City of Bones is the twelfth novel by American crime author Michael Connelly, and the eighth featuring the Los Angeles detective Hieronymus "Harry" Bosch. Published in 2002, it was named a Notable Book of the Year by the New York Times.

==Plot==

On New Year's Day, a dog digs up a bone in Laurel Canyon, Los Angeles. The dog's owner, a doctor, recognizes the bone as human and calls it in to the police. Hieronymus “Harry” Bosch takes on the case together with his colleague Jerry Edgar; after investigating the matter further, a shallow grave containing the bones of a child is discovered. Bosch cannot let go of the case, a case that brings back memories from his own childhood, and starts an investigation. The only clue that he has to go on is the skateboard found during a search at a suspect's house. The body turns out to have been a 12-year-old boy that has been buried 20 years earlier. To solve the murder, Bosch has to dig through records of cases involving disappearances and runaways dating far back in time. In order to try to solve the crime, Bosch has to chase down possible witnesses and suspects from near and far. Twenty years after the murder, a lot of the details once remembered about the disappearance of the boy are blurred and leave Bosch fumbling.
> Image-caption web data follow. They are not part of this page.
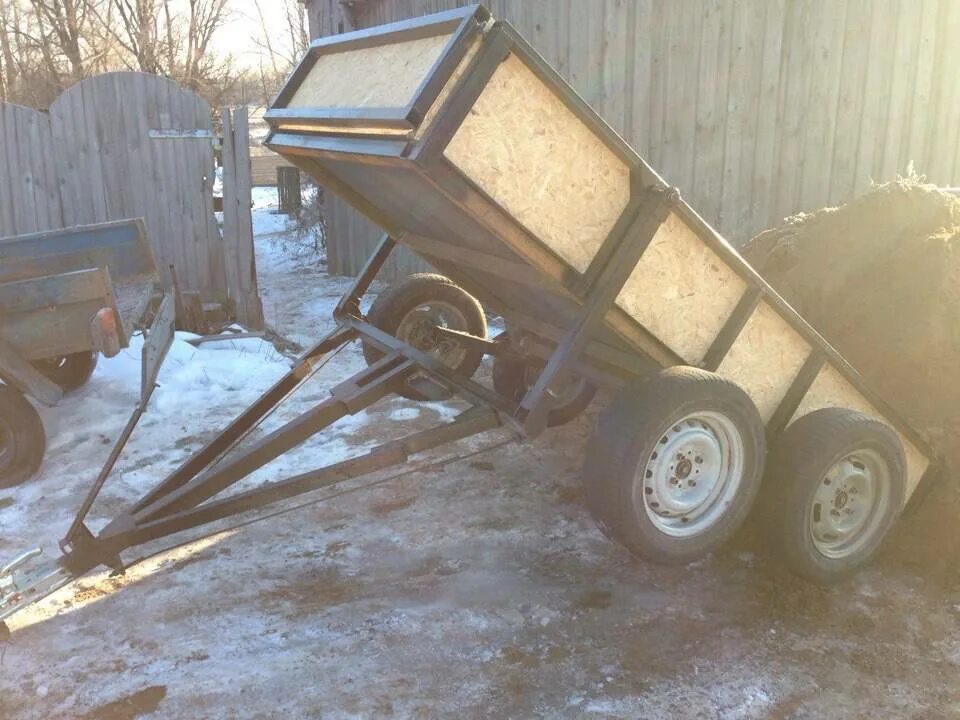 Самодельный прицеп для минитрактора. Самосвальный прицеп 4сп8. Самосвальный прицеп для трактора т 25. Самодельный прицеп для минитрактора. Самодельный прицеп для минитрактора.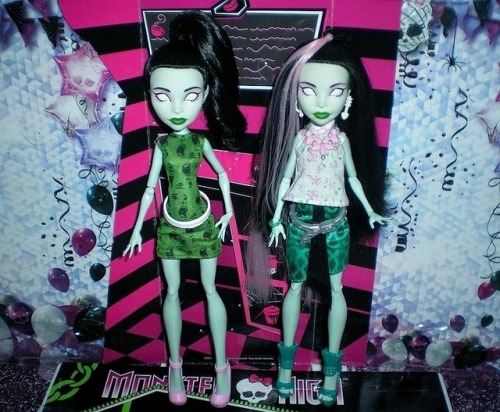 &ldquo;Student Disembody Council&rdquo; Scarah(s) Screams.Left, basic. Right, new outfit &am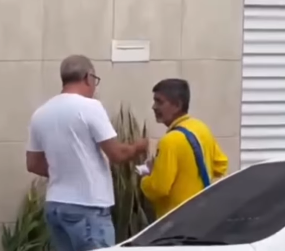 Carteiro realiza entrega de correspondências durante período eleitoral na Paraíba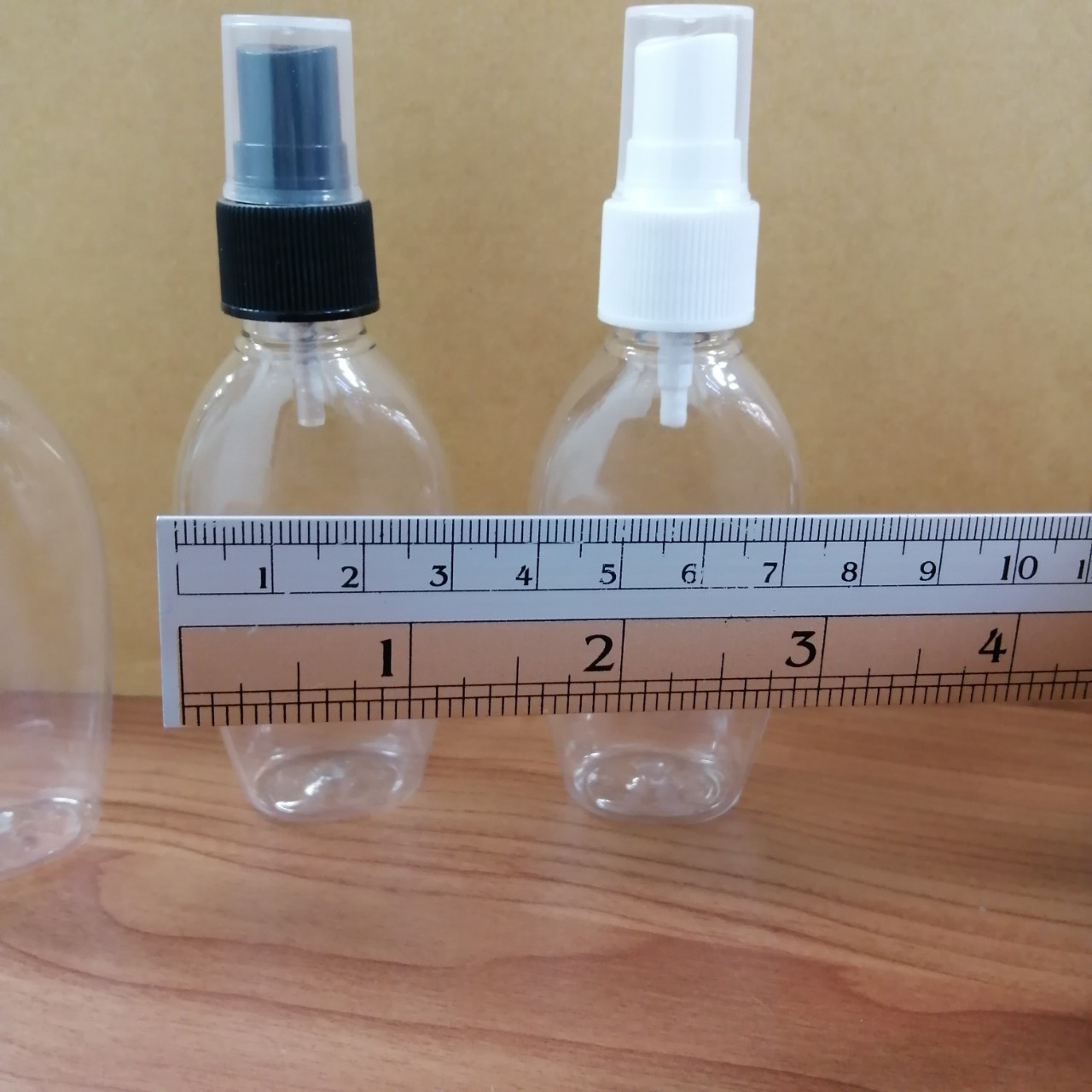 ขวดพลาสติก ขนาด50ml พร้อมหัวสเปรย์ มีหัวให้เลือกถึง3สี ของพร้อมส่งจำนวนมาก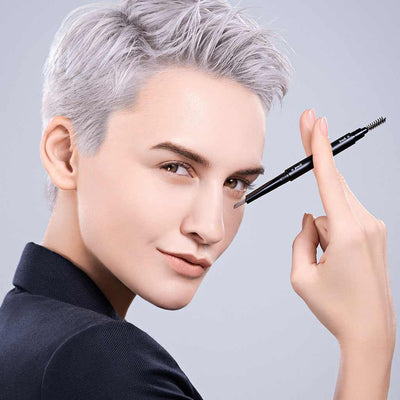 7 tips on how to apply a long lasting eye pencil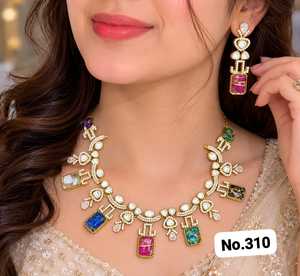 Collier et boucles d'oreilles contemporains en zircon et pierres, ensemble de bijoux de créateur doré pour femme, idéal pour les mariages et les soirées - Product Image 5
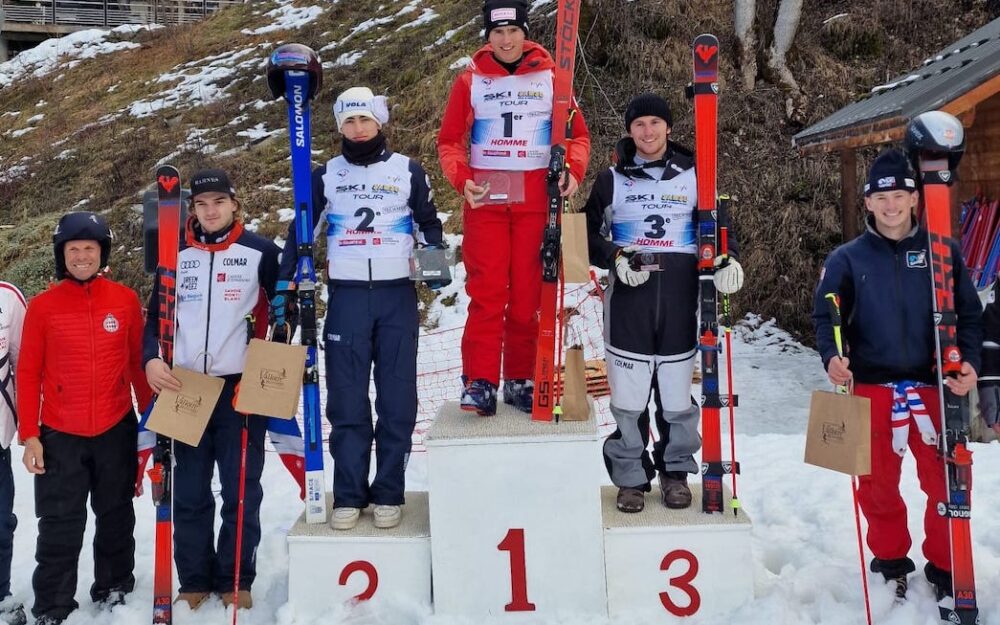 Sandro Zurbrügg feiert seinen ersten Sieg in einem FIS-Rennen. – Foto: zvg / Swiss Ski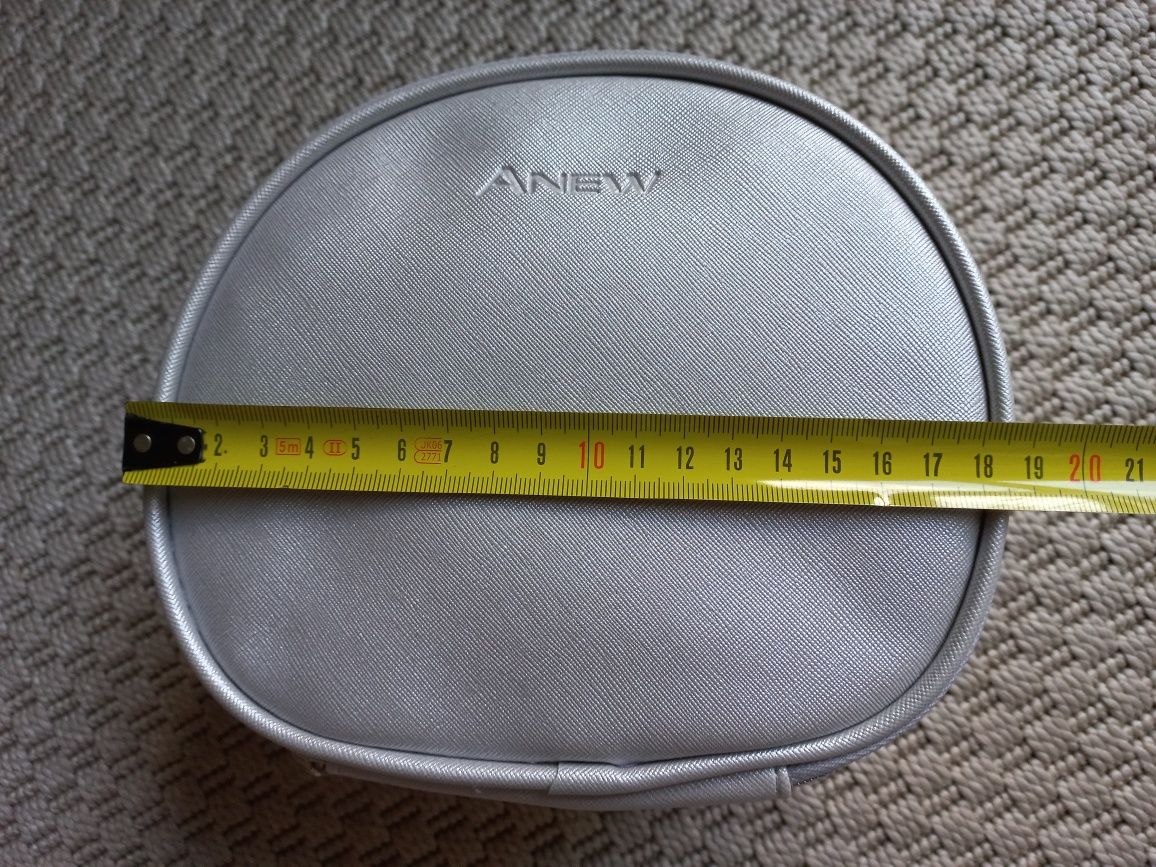 Bolsa para cosméticos AVON ANEW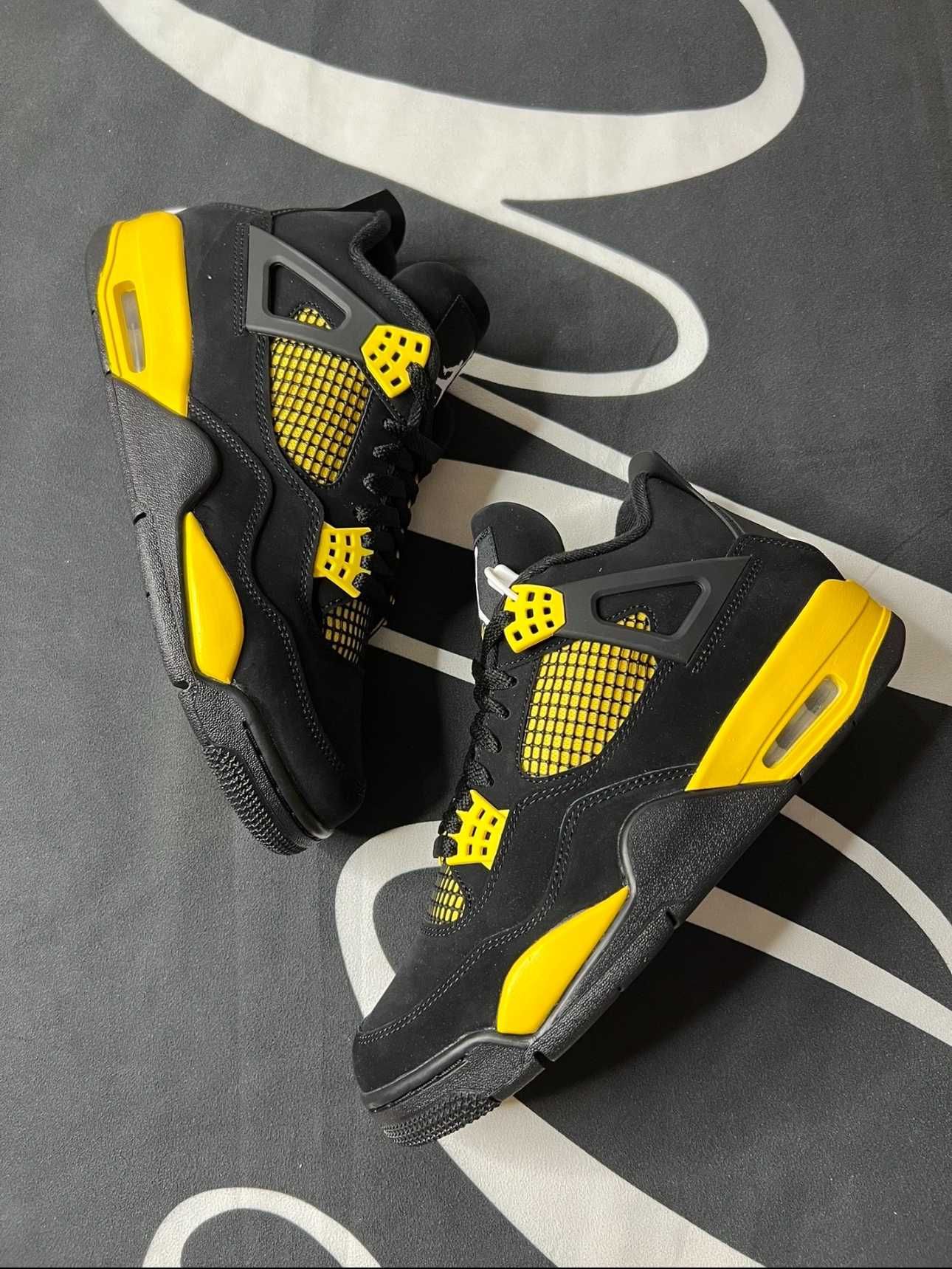 Nike Air Jordan 4 Yellow Thunder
Even though Bosch has been warned not to fall for a rookie, when a female rookie named Julia Brasher joins the department, he begins a relationship with her which leads to personal and professional complications.

== Television series ==
All seven seasons of the Amazon Prime Video series Bosch are based on Connelly's books. The events of City of Bones, together with those of The Concrete Blonde and Echo Park, serve as the basis for the first season. The main plot of the discovered bones and Bosch's tumultuous relationship with Brasher feature heavily in the show.